Es gibt viele Möglichkeiten, sich eine Wahlniederlage zu erklären. Das Wetter war schuld. Der Bundestrend stand gegen einen. Der Gegner hat sich unlauterer Methoden bedient. Das sind die gängigen Ausflüchte, wenn man nicht über Programm oder Spitzenkandidaten reden will. Welche Erklärung haben die Grünen, dass sie am Sonntag in Berlin meilenweit ihr Wahlziel verfehlten, den Regierenden Bürgermeister Klaus Wowereit abzulösen? Ganz einfach: Ihr Wahlkampf war zu anspruchsvoll für die Hauptstadt. Das ist wenigstens mal eine originelle Deutung des Wahlausgangs, muss man sagen. Wählerbeschimpfung gehört schon länger nicht mehr zum Repertoire des Wahlverlierers.

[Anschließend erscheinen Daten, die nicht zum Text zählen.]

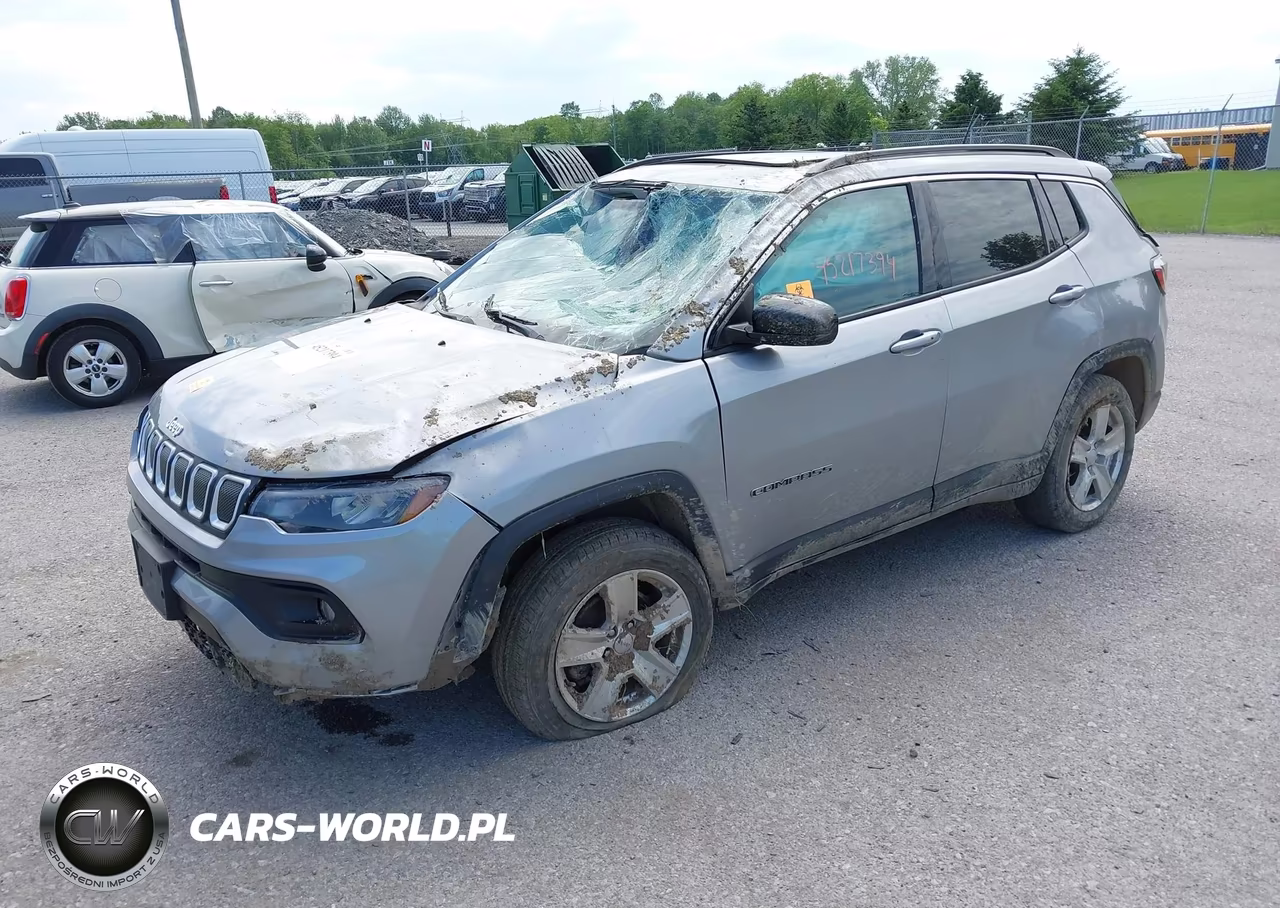 2022 Jeep Compass Latitude 4X4 VIN:3C4NJDBB2NT147987 - 2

Allenthalben heißt es nun, die Grünen hätten sich nicht durchgesetzt, weil sie auf Ideen und Konzepte setzten, während die SPD sich damit begnügte, gute Laune zu verbreiten und ansonsten jede Auseinandersetzung über Sachfragen vermied. Inhalte statt Gefühl - auf diese Formel brachten viele Beobachter den Wahlkampf der Ökopartei schon, als sich in den Umfragen andeutete, dass es mit der Machtübernahme in der Hauptstadt nichts werden würde. So gesehen haben die Grünen die Quittung erhalten, muss man folgern: Den Berlinern reicht es eben, dass die SPD die besseren Plakate hatte. Das ist natürlich ein bedenkliches Zeichen, wie besorgte Stimmen aus der linksalternativen Mitte sogleich anmerkten. Wenn die Wähler Plakate statt Programme vergleichen, steht es nicht gut um die Demokratie, ist ja klar.

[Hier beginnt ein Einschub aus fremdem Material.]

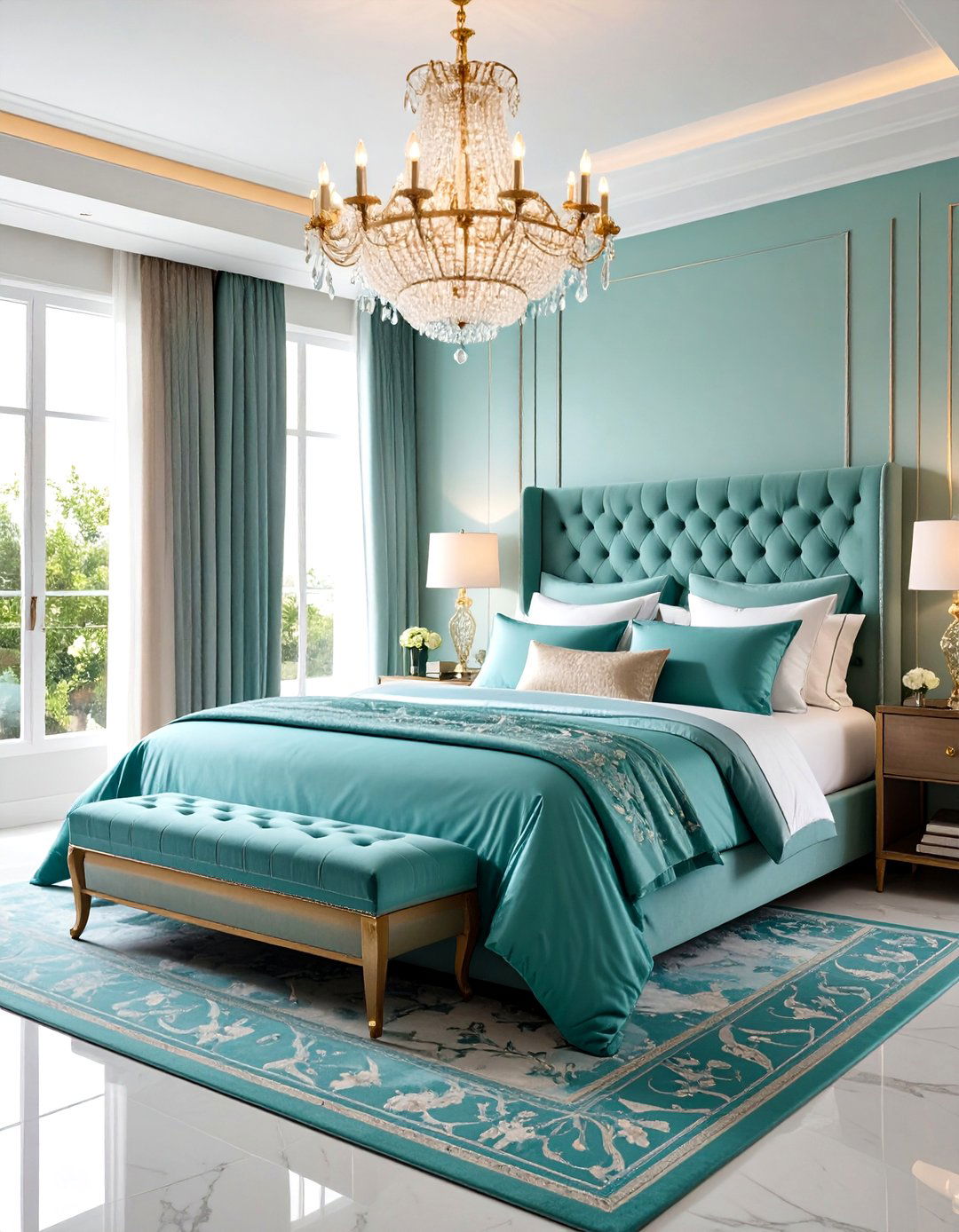 Turquoise Luxury Bedroom - 24 Turquoise Bedroom Ideas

Mag sein, dass die Berliner zu einfältig sind, um zu erkennen, welche Chance sie mit ihrer Entscheidung gegen Renate Künast als Bürgermeisterin vertan haben. Eine andere, sehr viel naheliegendere Erklärung des Wahlausgangs wäre, dass sie genau wussten, was sie taten. Man braucht nicht das 240 Seiten umfassende Programm der Grünen gelesen zu haben, um eine ziemlich präzise Idee von deren Gedankenwelt zu haben. Man muss eigentlich nur einen Auftritt der grünen Spitzenkandidatin verfolgt haben. Selbst Menschen, die nicht besonders viel mit Wowereit am Hut hatten, schreckten am Ende bei der Vorstellung zurück, nun jeden Morgen mit der Frage geweckt zu werden, wie es denn gestern bei ihnen um die Mülltrennung stand.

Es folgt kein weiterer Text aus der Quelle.